Segment Start: Input data

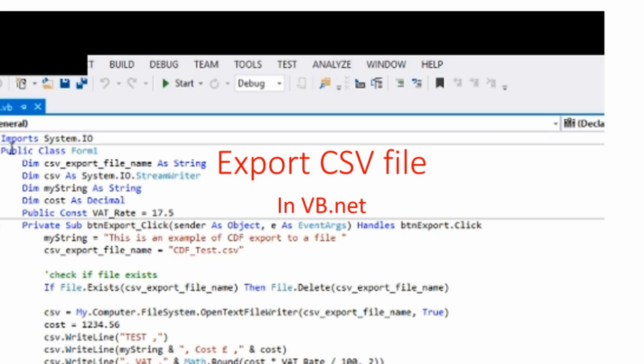I am now going to show you how to export a CSV file in VB.NET. CSV stands for comma separated variables. In this program, we are going to add a button to a form and double-click on the button.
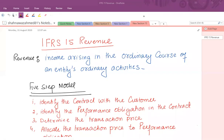Dear students, this video is about IFRS 15, that is revenue recognition. First of all, we have to discuss what is the meaning of revenue.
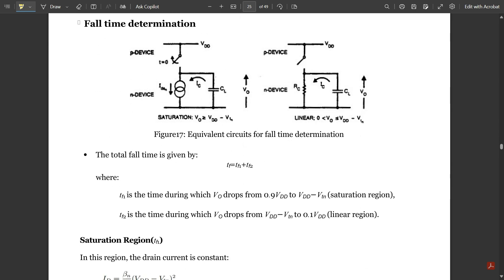Next, let us see the important concept of fall time determination — how to determine fall time in different regions of operation. In the equivalent circuit for fall time determination, we consider one PMOS device and one NMOS device as switches. The PMOS device is turned off (switch open) and the NMOS device is turned on. During the saturation region, Vout is greater than or equal to VDD minus Vtn, and for the linear region, Vout is between zero and VDD minus Vtn.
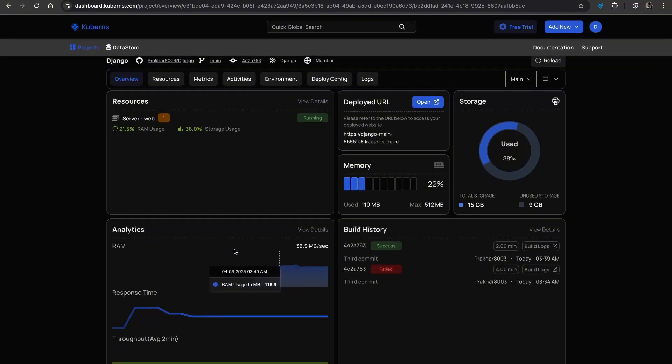And that's your Cubans dashboard. Simple, powerful and built to give you full control without the usual deployment headaches.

Segment End: Input data

> [Work item] Quote, please, every line of the material above from its start through the line that has "Dear students, this", reproducing the words exactly and dropping any images.

> [Task output]
I am now going to show you how to export a CSV file in VB.NET. CSV stands for comma separated variables. In this program, we are going to add a button to a form and double-click on the button.
Dear students, this video is about IFRS 15, that is revenue recognition. First of all, we have to discuss what is the meaning of revenue.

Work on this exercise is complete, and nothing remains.